About this exercise - Without including any pictures, write out all the entries exactly.

Crawled caption data

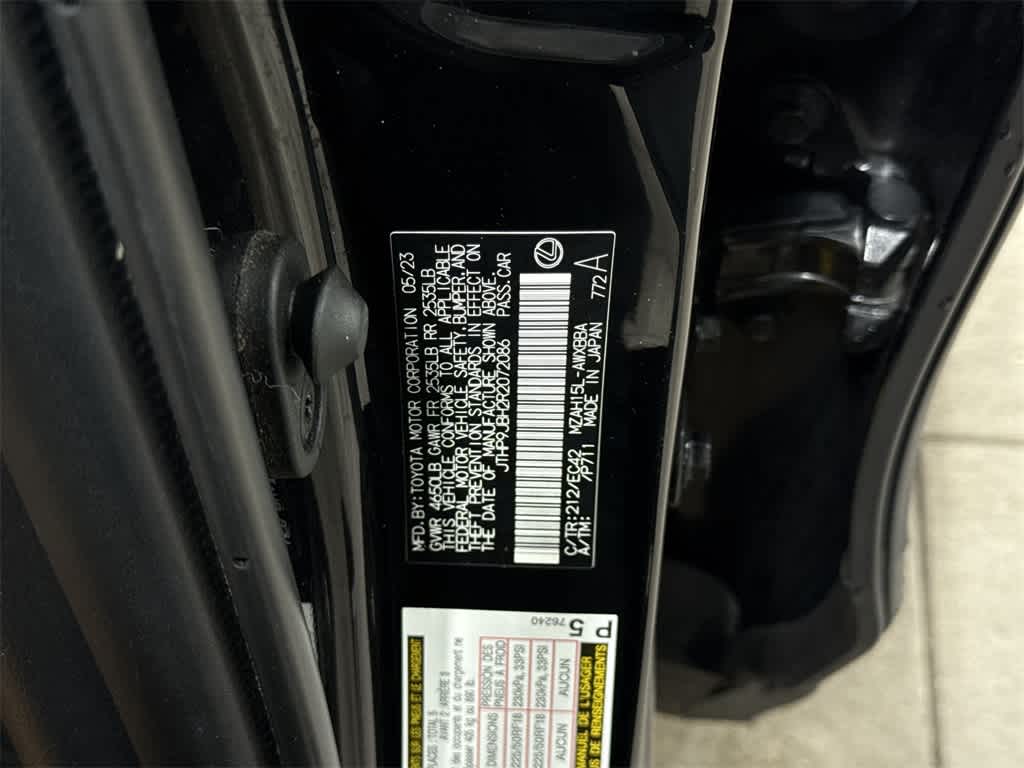 2024 Lexus UX UX 250h Premium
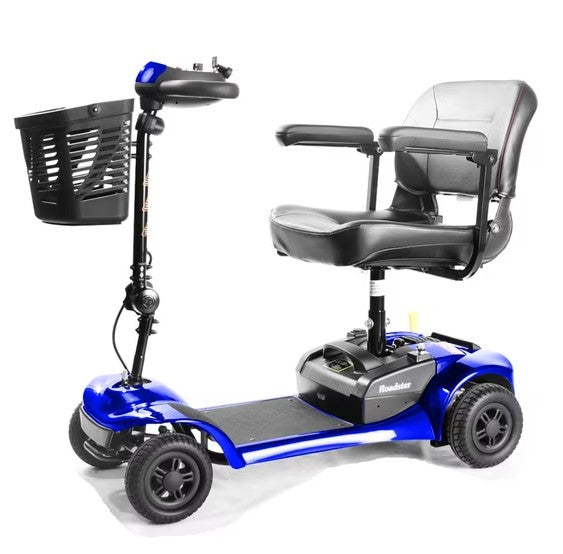 Merits Health Roadster 4 Mobility Scooter 4-Wheel S740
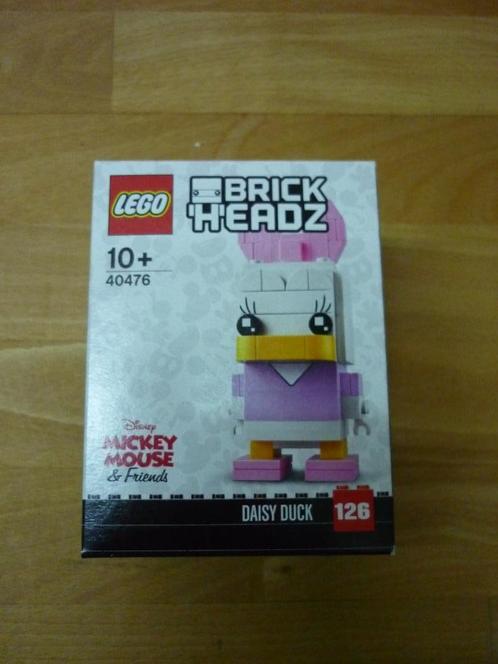 Lego 40476 Katrien Duck / Brickheadz. Nieuw!!, Kinderen en Baby's, Speelgoed | Duplo en Lego, Nieuw, Lego, Complete set, Ophalen of Verzenden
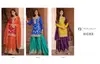Richa By Aashirwad Mor Bagh Chinon Silk Readymade Suits Suppliers In India
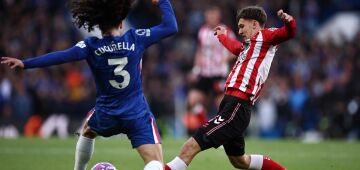 Sunderland tenta frear reação do Liverpool em rodada de transição para os grandes no Inglês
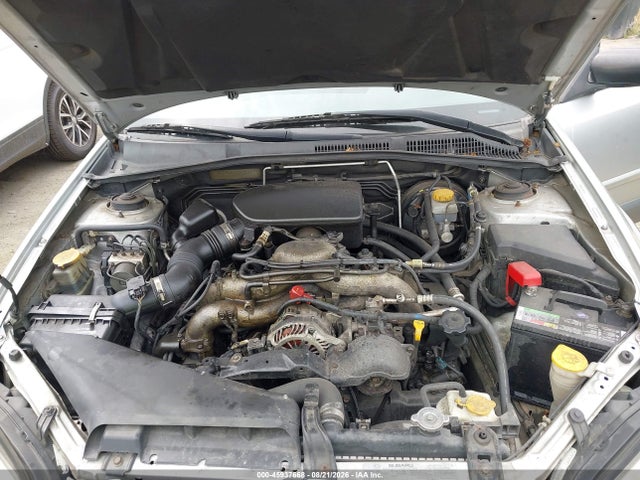 Aukcja sprzedaży 2007 Subaru Outback 2.5i Basic, vin: 4S4BP61C977317952, numer aukcji: 45937668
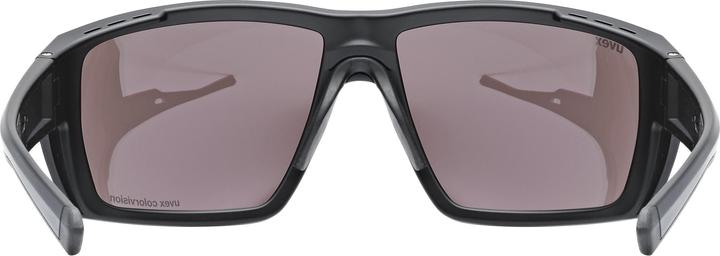 Produktbild Uvex Sports mtn venture CV (black matt (pink), colorvision pushy pink)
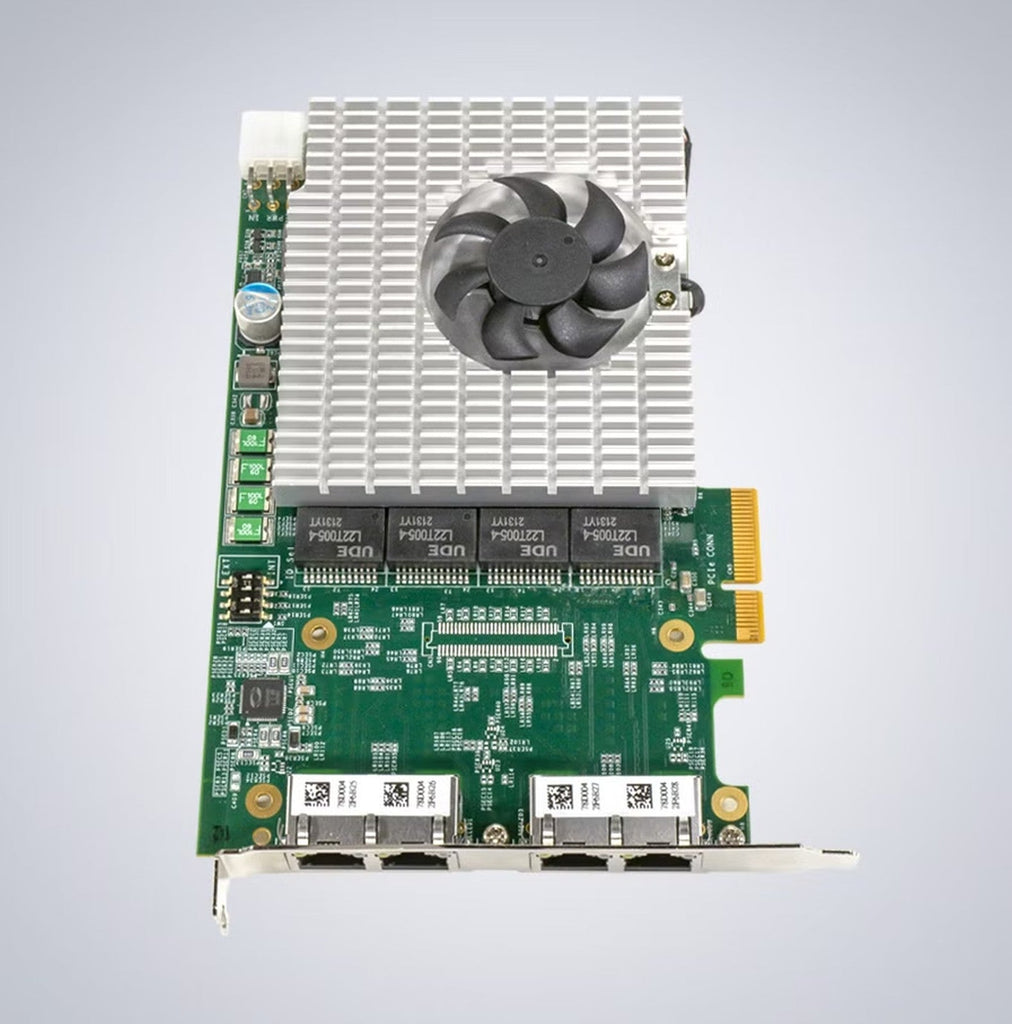PCIE-POE4-5G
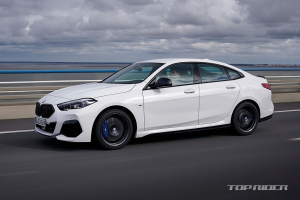 BMW M235i 국내 출시 예고, 306마력 사륜구동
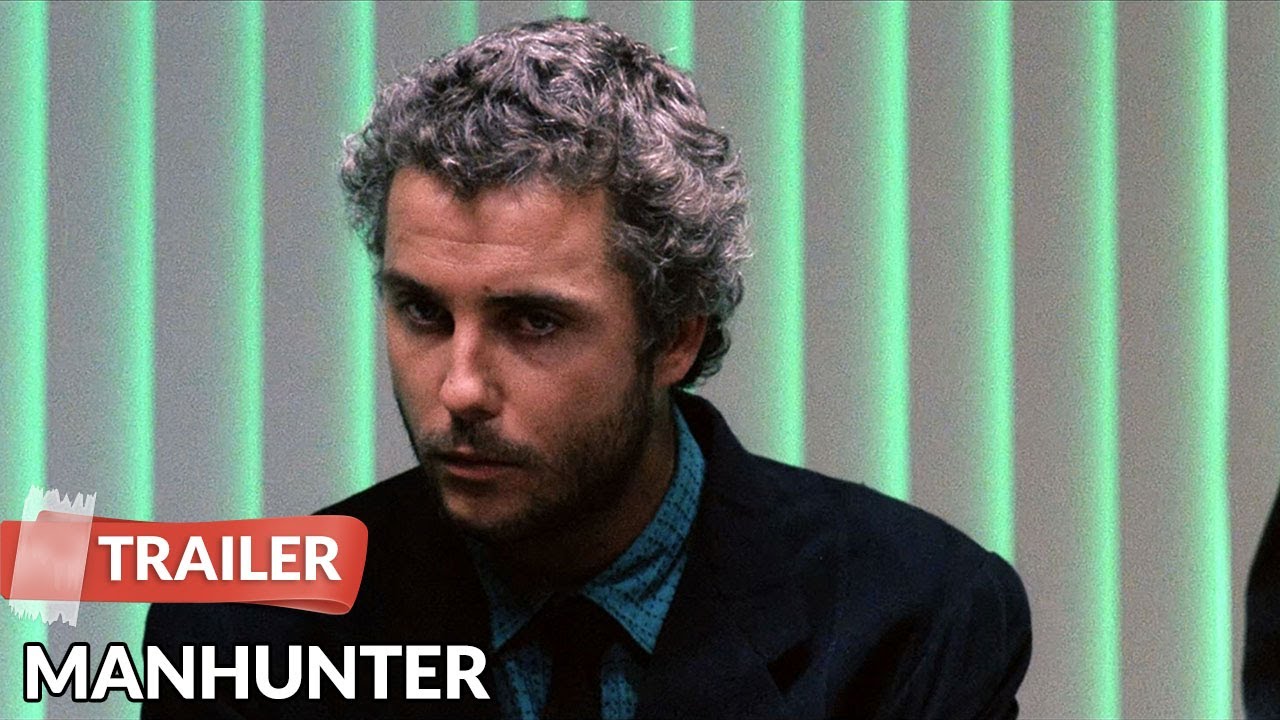 Manhunter (1986) Trailer HD | William Petersen | Kim Greist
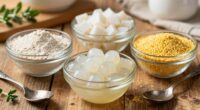 alternative thickening agents list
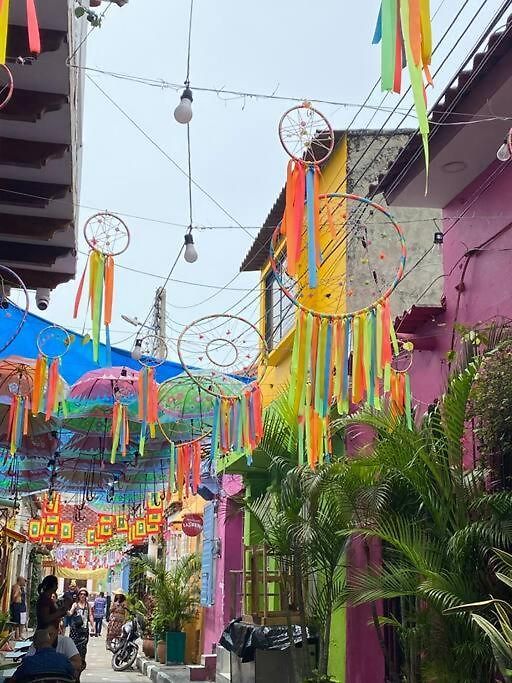 Apartamento En Getsemaní Cartagena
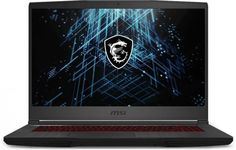 Ноутбук MSI GF63 Thin 11UC-225XRU 9S7-16R612-225 i7 11800H/16GB/512GB SSD/GeForce RTX 3050 4GB/15.6" FHD/WiFi/BT/Cam/FreeDOS/black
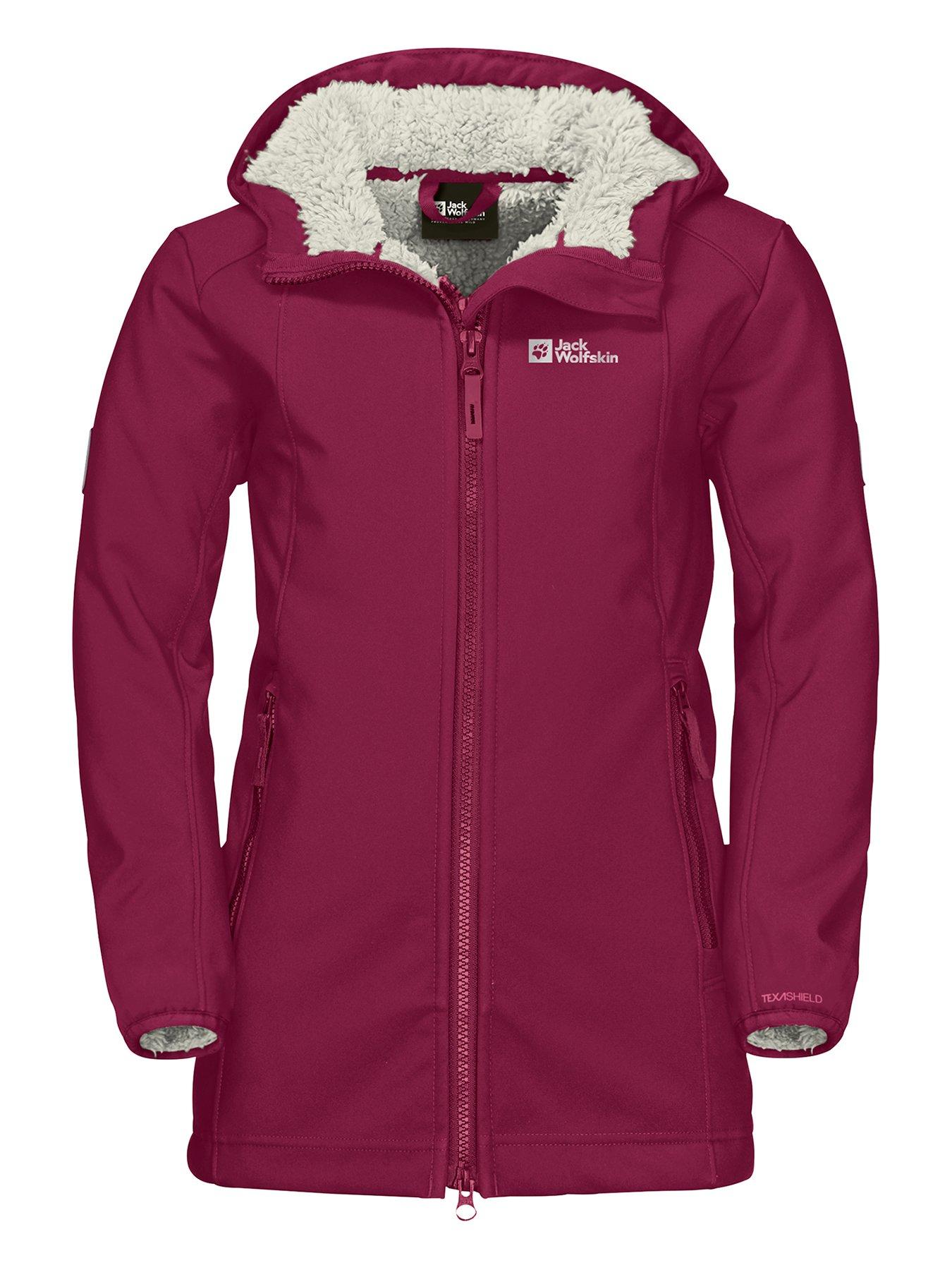 Girls jack hot sale wolfskin jackets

Written answer -
 2024 Lexus UX UX 250h Premium
 Merits Health Roadster 4 Mobility Scooter 4-Wheel S740
 Lego 40476 Katrien Duck / Brickheadz. Nieuw!!, Kinderen en Baby's, Speelgoed | Duplo en Lego, Nieuw, Lego, Complete set, Ophalen of Verzenden
Richa By Aashirwad Mor Bagh Chinon Silk Readymade Suits Suppliers In India
 Sunderland tenta frear reação do Liverpool em rodada de transição para os grandes no Inglês
 Aukcja sprzedaży 2007 Subaru Outback 2.5i Basic, vin: 4S4BP61C977317952, numer aukcji: 45937668
 Produktbild Uvex Sports mtn venture CV (black matt (pink), colorvision pushy pink)
PCIE-POE4-5G
 BMW M235i 국내 출시 예고, 306마력 사륜구동
 Manhunter (1986) Trailer HD | William Petersen | Kim Greist
 alternative thickening agents list
 Apartamento En Getsemaní Cartagena
 Ноутбук MSI GF63 Thin 11UC-225XRU 9S7-16R612-225 i7 11800H/16GB/512GB SSD/GeForce RTX 3050 4GB/15.6" FHD/WiFi/BT/Cam/FreeDOS/black
 Girls jack hot sale wolfskin jackets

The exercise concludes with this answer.